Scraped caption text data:

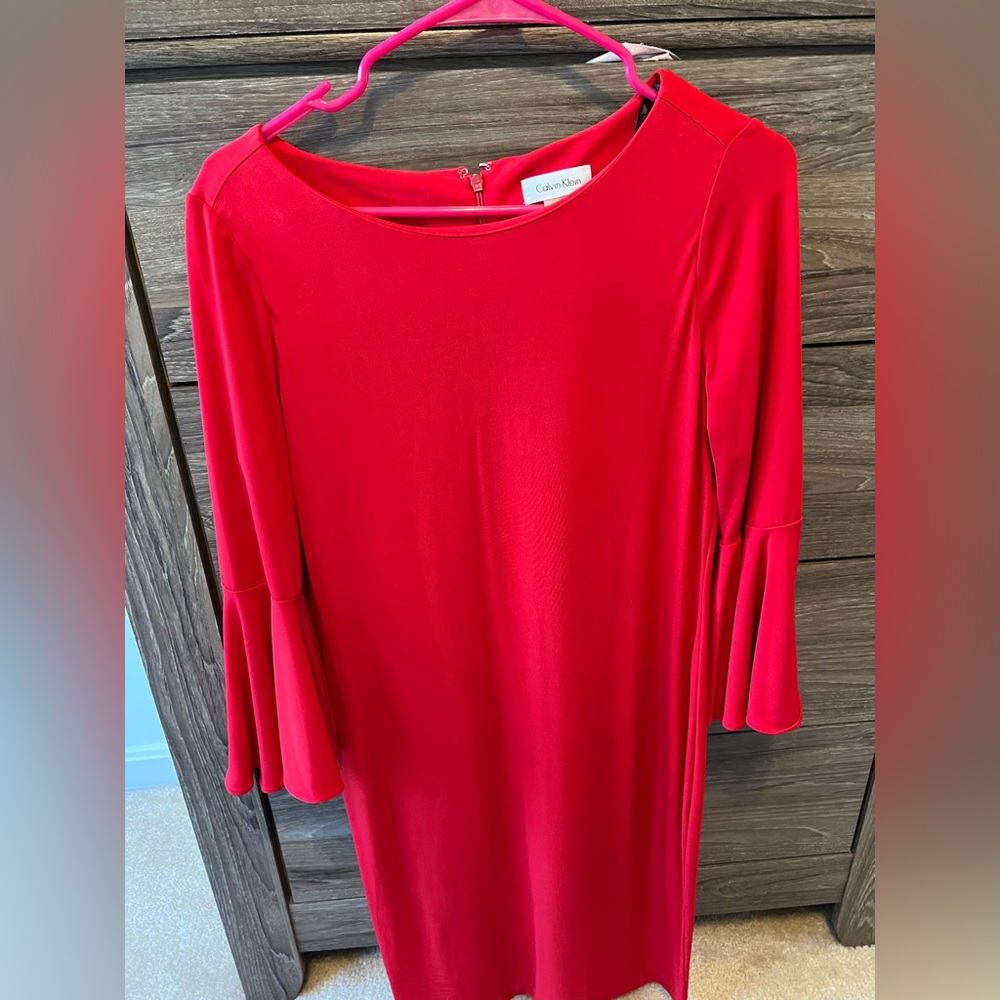Calvin klein red dress size 8 with ruffle sleeve worn once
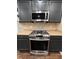 Close-up of modern stainless steel range and built-in microwave in kitchen at 944 Reap Ln, Lawrenceville, GA 30043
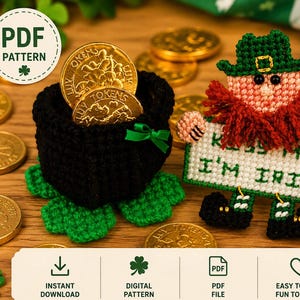 May include: A St. Patrick's Day craft project showing a black pot filled with gold coins and a leprechaun holding a sign saying "Kiss Me I'm Irish." The leprechaun has a green hat and red beard. Green shamrocks are also present.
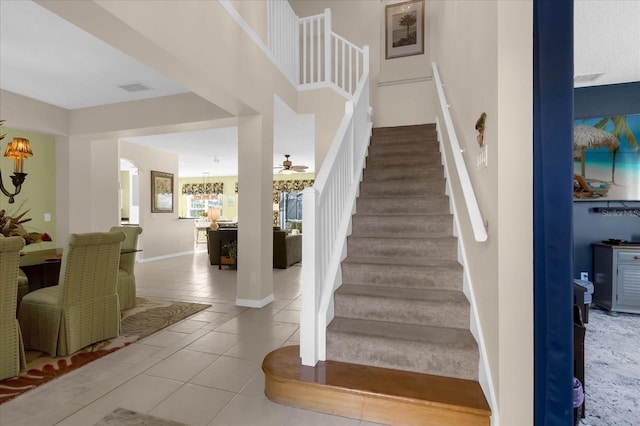 stairway featuring ceiling fan and tile patterned floors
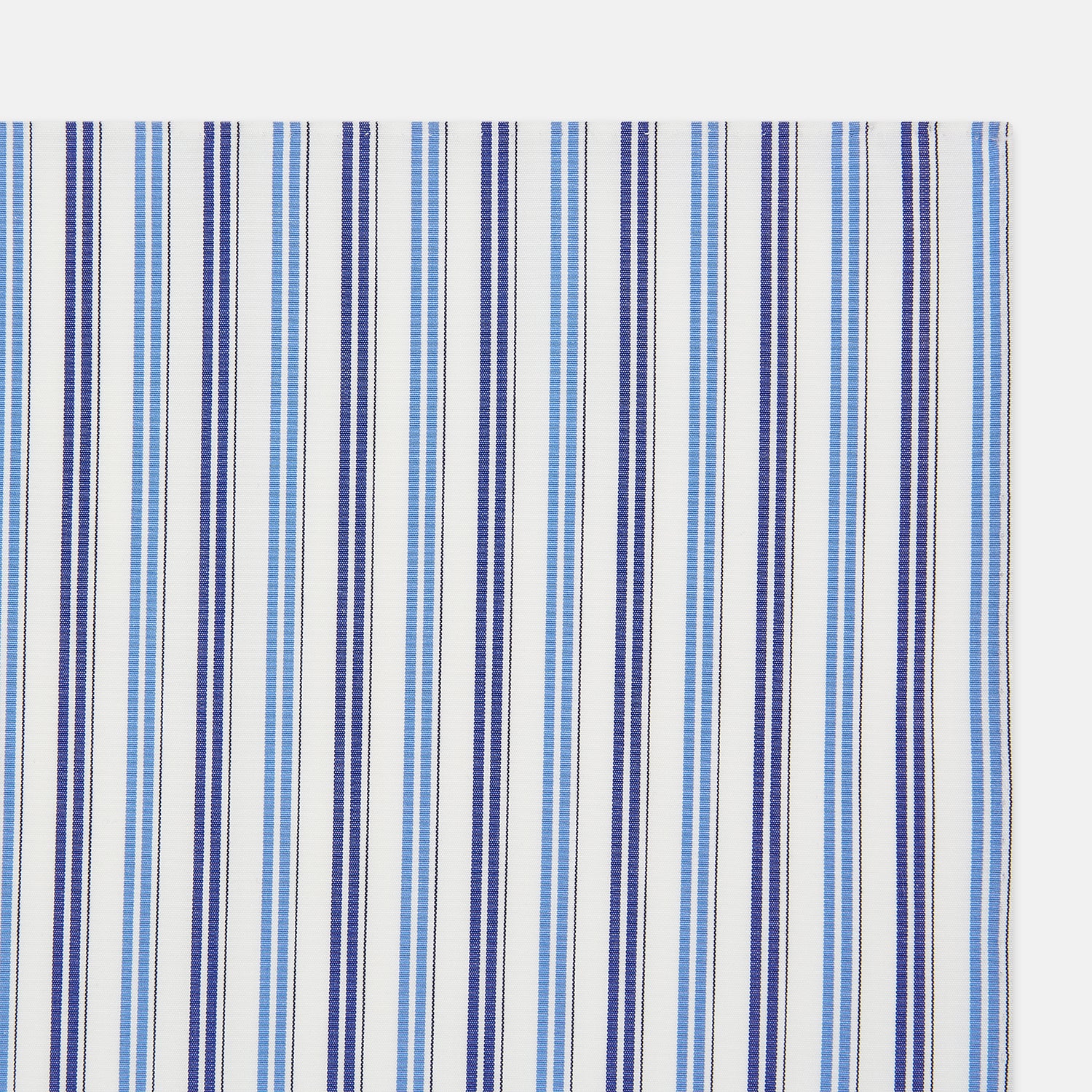 View 2 of product The Blue and Navy Multi Stripe Hand-Rolled Handkerchief by Turnbull & Asser is crafted in England with a white background and evenly spaced vertical stripes in blue and navy.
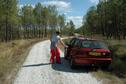 #7: Mirjam at the car park - the dirt road leads back to the water tower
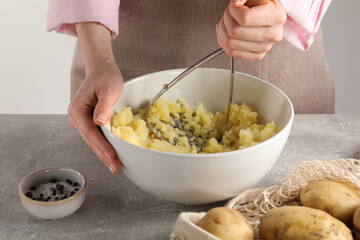 Woman making mashed potato at light grey table, closeup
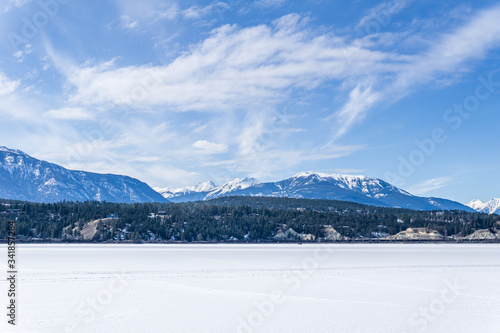 frozen Windermere lake and rocky mountains in british columbia canada. © olegmayorov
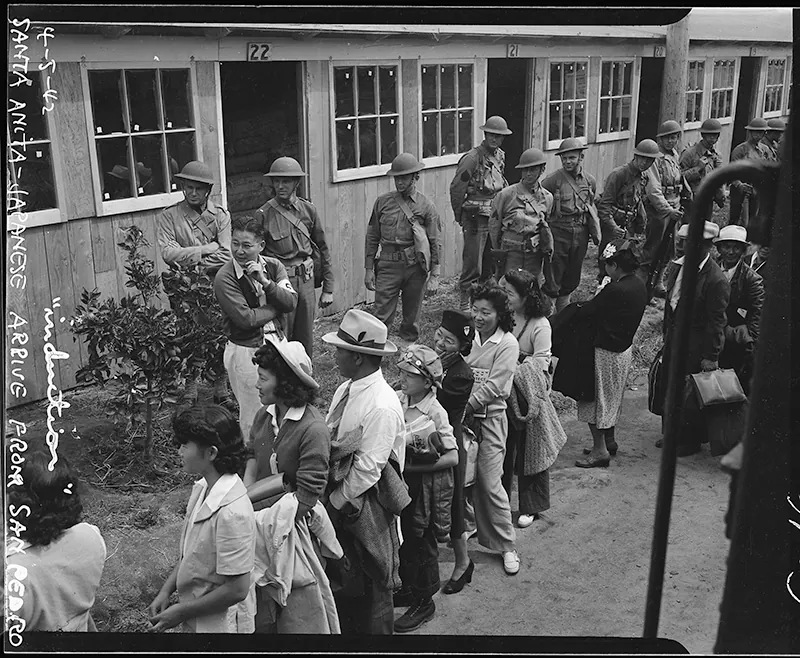 Japanese Americans stand in line on a dirt road in front of a long row of identical low buildings. Soldiers stand between the line and the buildings.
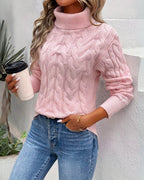 Womens cable knit sweater in Pink with turtleneck, worn with jeans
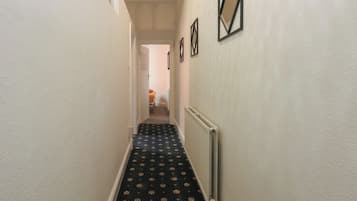 A narrow hallway with patterned carpet, white walls, and a radiator.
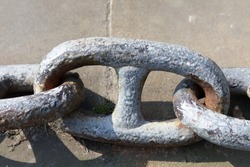 Large Chain links laying on stone, one large chain link with two chain links either side.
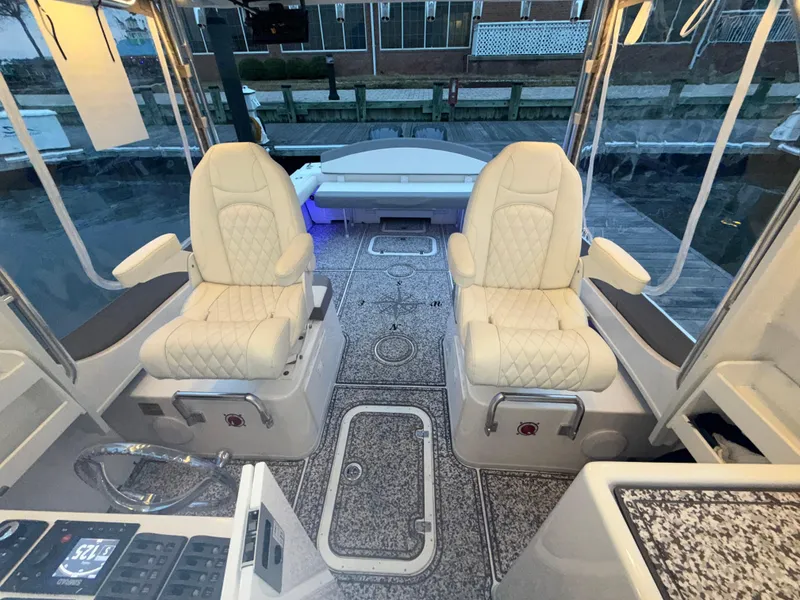 Slide: The Image of 2024 Steiger Craft 28 Peconic boat interior with luxurious seating and modern design. - 11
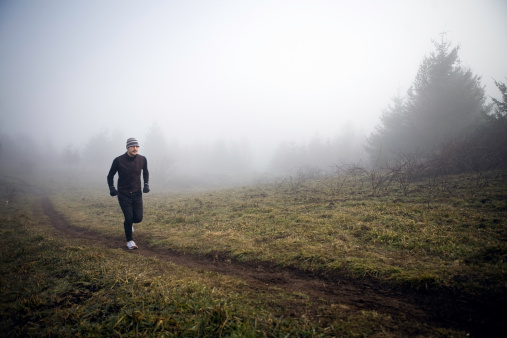 A young native Alaskan man runs up a small hill on a foggy morning.  Horizontal with copy space.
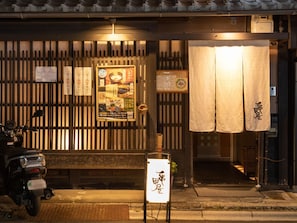 A restaurant entrance with a signboard, a motorcycle parked outside, and traditional Japanese decor. - Hotel Unizo Kyoto Karasuma Oike (Kyoto)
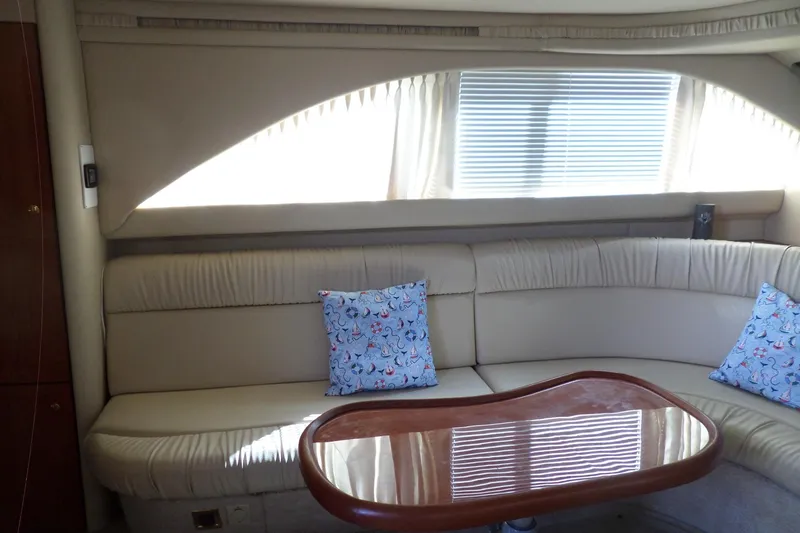Slide: The Image of Interior of 2000 Sea Ray 380 Aft Cabin with beige seating and decorative pillows. - 54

What the task asks: Without the pictures, transcribe the lines from the one containing "Close-up of modern" through the end of the data, exactly and only those.

Task result:
 Close-up of modern stainless steel range and built-in microwave in kitchen at 944 Reap Ln, Lawrenceville, GA 30043
 May include: A St. Patrick's Day craft project showing a black pot filled with gold coins and a leprechaun holding a sign saying "Kiss Me I'm Irish." The leprechaun has a green hat and red beard. Green shamrocks are also present.
 stairway featuring ceiling fan and tile patterned floors
 View 2 of product The Blue and Navy Multi Stripe Hand-Rolled Handkerchief by Turnbull & Asser is crafted in England with a white background and evenly spaced vertical stripes in blue and navy.
 #7: Mirjam at the car park - the dirt road leads back to the water tower
 Woman making mashed potato at light grey table, closeup
 frozen Windermere lake and rocky mountains in british columbia canada. © olegmayorov
 Japanese Americans stand in line on a dirt road in front of a long row of identical low buildings. Soldiers stand between the line and the buildings.
 Womens cable knit sweater in Pink with turtleneck, worn with jeans
 A narrow hallway with patterned carpet, white walls, and a radiator.
 Large Chain links laying on stone, one large chain link with two chain links either side.
 Slide: The Image of 2024 Steiger Craft 28 Peconic boat interior with luxurious seating and modern design. - 11
 A young native Alaskan man runs up a small hill on a foggy morning.  Horizontal with copy space.
 A restaurant entrance with a signboard, a motorcycle parked outside, and traditional Japanese decor. - Hotel Unizo Kyoto Karasuma Oike (Kyoto)
Slide: The Image of Interior of 2000 Sea Ray 380 Aft Cabin with beige seating and decorative pillows. - 54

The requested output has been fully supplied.